Presented to the States on 29th May 2014 by the Council of Ministers

STATES GREFFE

2013   Price code: D  P.90 Com.(2)

ADDITIONAL COMMENTS

  1. In  September  2013  the  States  debated  a  proposition  lodged  by  Senator

A. Breckon (P.90/2013) that –

ex  gratia  compensation  should  be  paid  to  investors  who  suffered financial loss as a result of investments in Sunstone and/or De Lec;

the compensation should be subject to a maximum of £48,000 per investor (100% of the first £30,000 lost and 90% of the next £20,000);

the compensation should be paid from central reserves, but legislation should be introduced to recover it from the Jersey Financial Services Commission (JFSC); and

the Chief Minister should bring forward proposals under Article 27 of the  Financial Services  (Jersey) Law 1998 to establish  an  Investor Compensation Scheme in Jersey.

  1. The debate was adjourned on the grounds that a number of States members did not feel they had sufficient information upon which to base a decision and the Chief Minister indicated that in the light of this he would initiate an independent review to clarify various points raised in the debate.
  2. In November 2013, the Chief Minister invited David Thomas, who has held the position of Chief Ombudsman of the UK Financial Ombudsman Service and other relevant roles, to undertake an enquiry. The terms of reference were agreed with Senator Breckon and were, whether –

the JFSC should have been aware of warning signs/irregularities, and taken  action  concerning,  the  incorporation/operation  of  Sunstone Holdings Ltd. and De Lec Ltd. by the regulated Principals;

the JFSC were aware and should have taken action before 2008. In particular whether 2 investors expressed concerns to the JFSC in 2006 or 2007;

if the JFSC should have been aware and should have taken action before January 2008, that would have made any difference to the loss incurred by investors; and

there were regulatory breaches on behalf of Goldridge Stone, and whether the JFSC enforcement actions were sufficient.
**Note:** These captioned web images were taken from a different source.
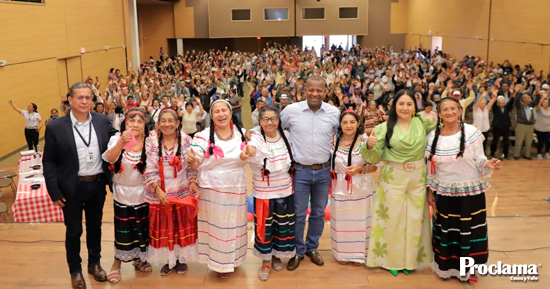 700-adultos-mayores-de-Popayan-recibieron-kits-nutricionales.jpg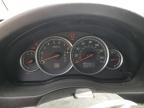 2006 Subaru Legacy 2.5I Limited en Venta en Center Rutland, VT - Rear End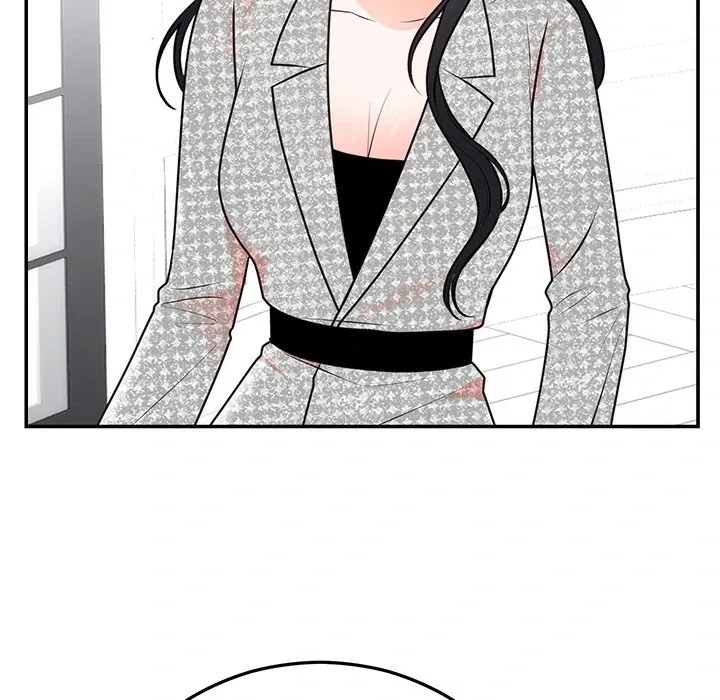 Marriage Chains Chapter 21 page 96 - 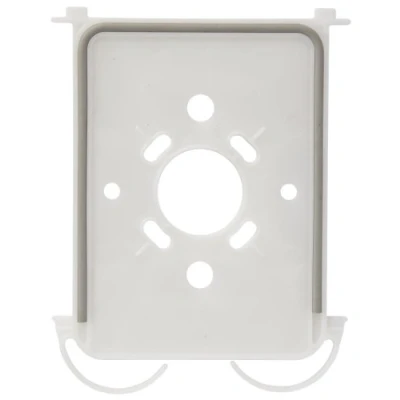 Afbeelding van GROHE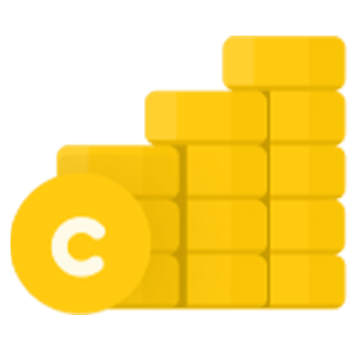 330000 coin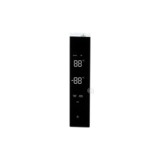 Modul afișaj pentru congelator BOSCH 12037858 Original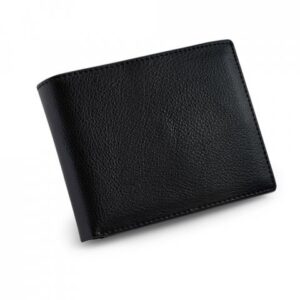 BARRYMORE. Wallet - Image 4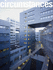 Meyer and Van Schooten Architects: Circumstances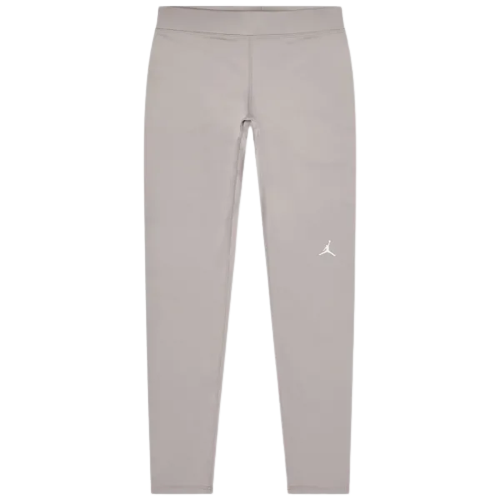 JORDAN LEGGINS
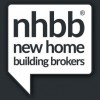 New Home Building Brokers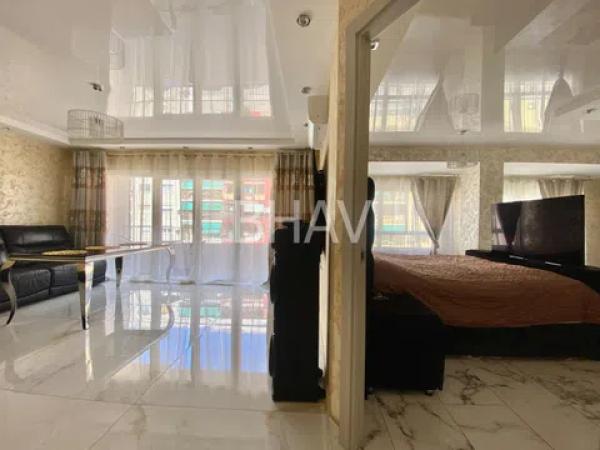 Piso en calle Inmaculada del Pla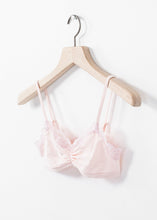 Carica l&#39;immagine nel visualizzatore di Gallery, Ruche Bra
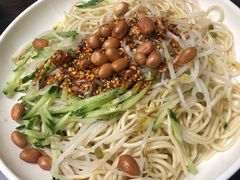 -艺味深尝(云锦路店)
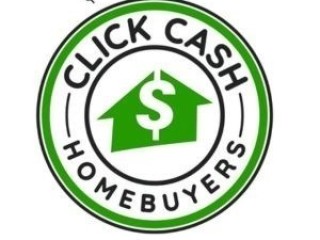 Cash For Your House Modesto, CA | We Buy Houses In Modesto, CA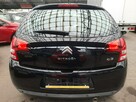 Citroen C3 - 4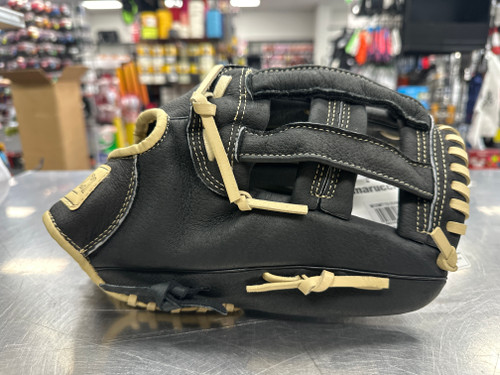 Vist Large View of Product Image Which is New MARUCCI SWIFT SERIES-12.5"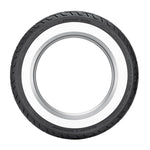 D> D402 MT90HB16 W/WALL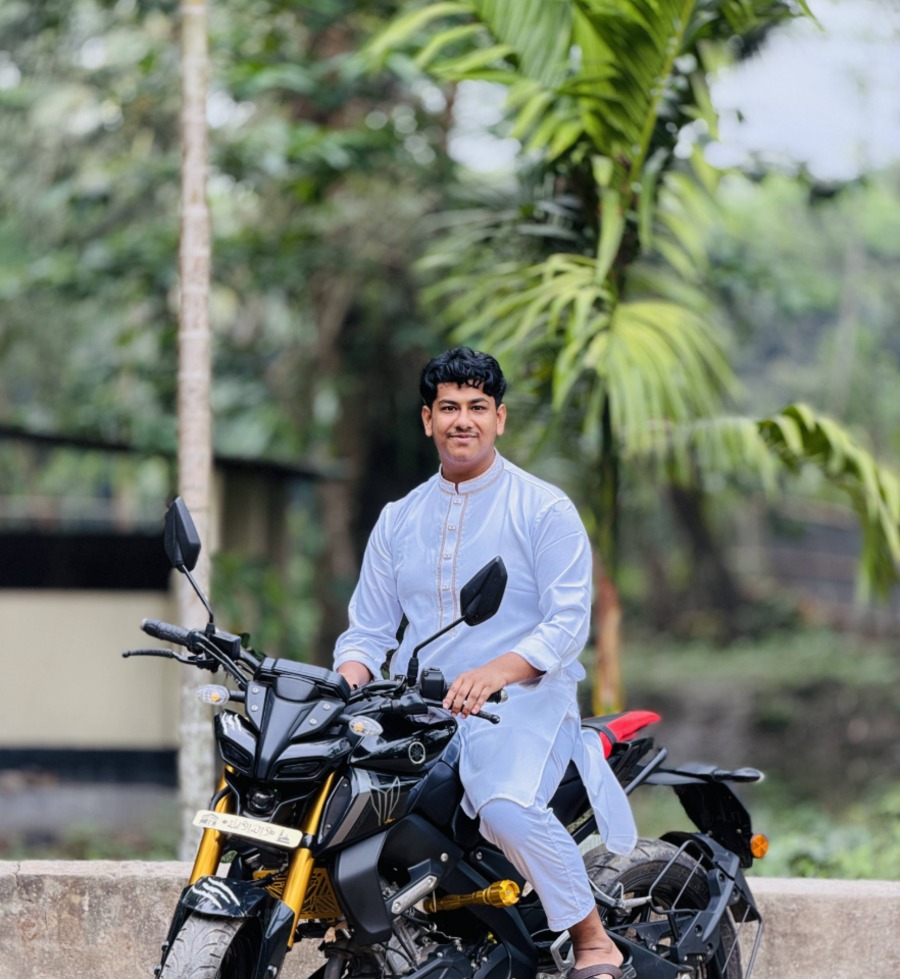 mohiUddin24317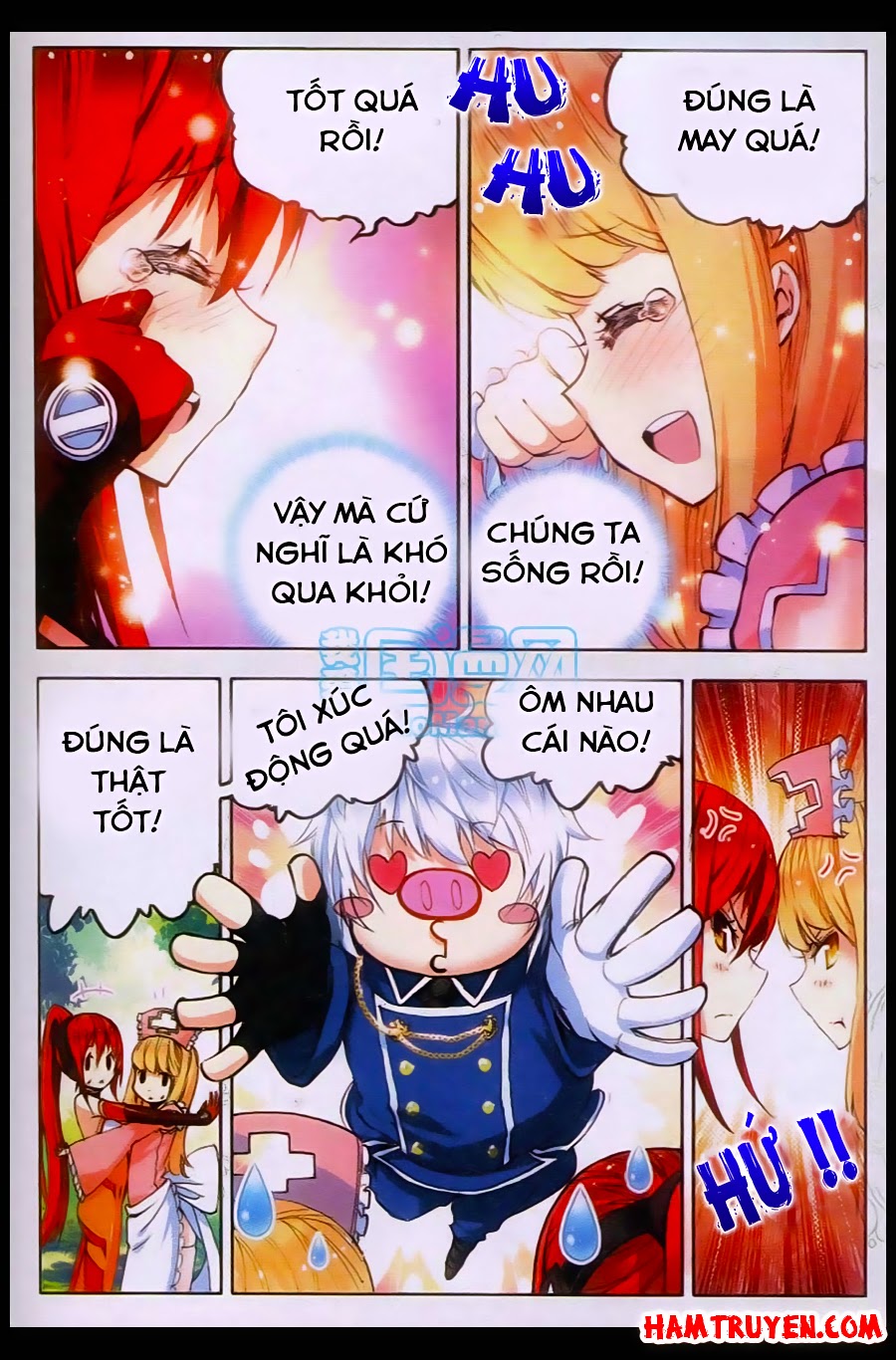 Upload by Truyenquanhta.blogspot.com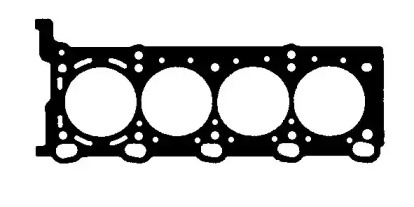 BGA CH6530 BGA CH6530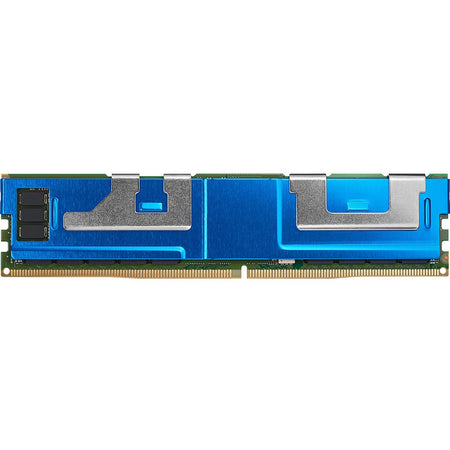 Intel Optane 200 128GB DDR-T Persistent Memory Module - NMB1XXD128GPSU4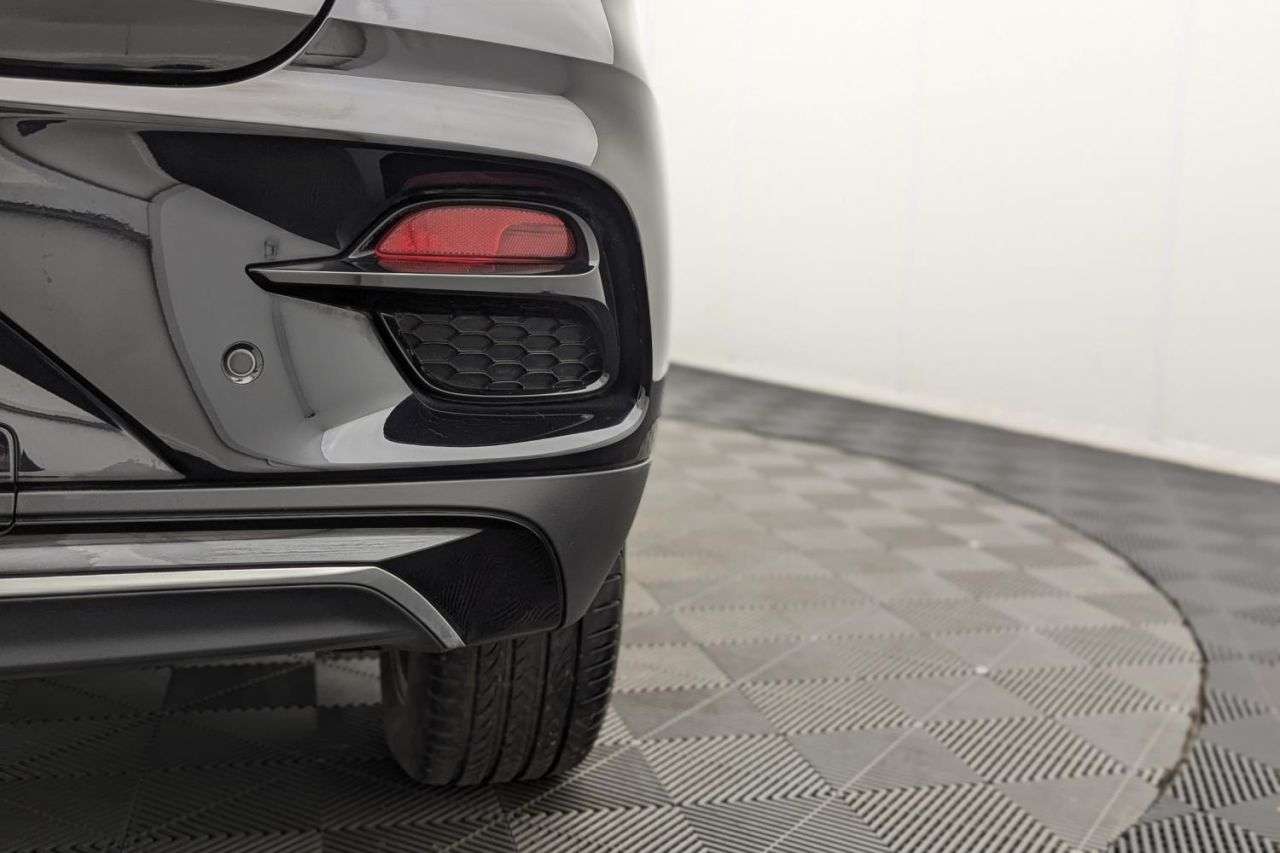 2022 MG MG ZS 2022 MG MG ZS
  1. All the investors were given an opportunity to make representations to David Thomas.
  2. His report is attached as an Appendix to these comments. In response to the terms of reference, and also to points that Members raised in the debate, his conclusions are summarised as follows –

Did 2 investors express concerns to JFSC in 2006 or 2007?

No

Was JFSC aware, and should it have taken action before 2008? No

Should JFSC have been aware of warning signs/irregularities, and taken action concerning the incorporation/operation of Sunstone and  De  Lec  by  the  regulated  Principals  [Cameron,  Foot  and Lewis ]?

No

Were there regulatory breaches on behalf of Goldridge?

I am prevented by law from adding to the JFSC's 2008 statement (in Annex A).

Were  JFSC  enforcement  actions  in  respect  of  Goldridge sufficient?

If  JFSC  had  taken  timely  and  sufficient  action,  issues  including Goldridge  (unconnected  with  Sunstone/De  Lec)  would  have  been likely to become public by January 2007.

If JFSC had possessed a wider range of graduated powers these issues could have become public at a much earlier date.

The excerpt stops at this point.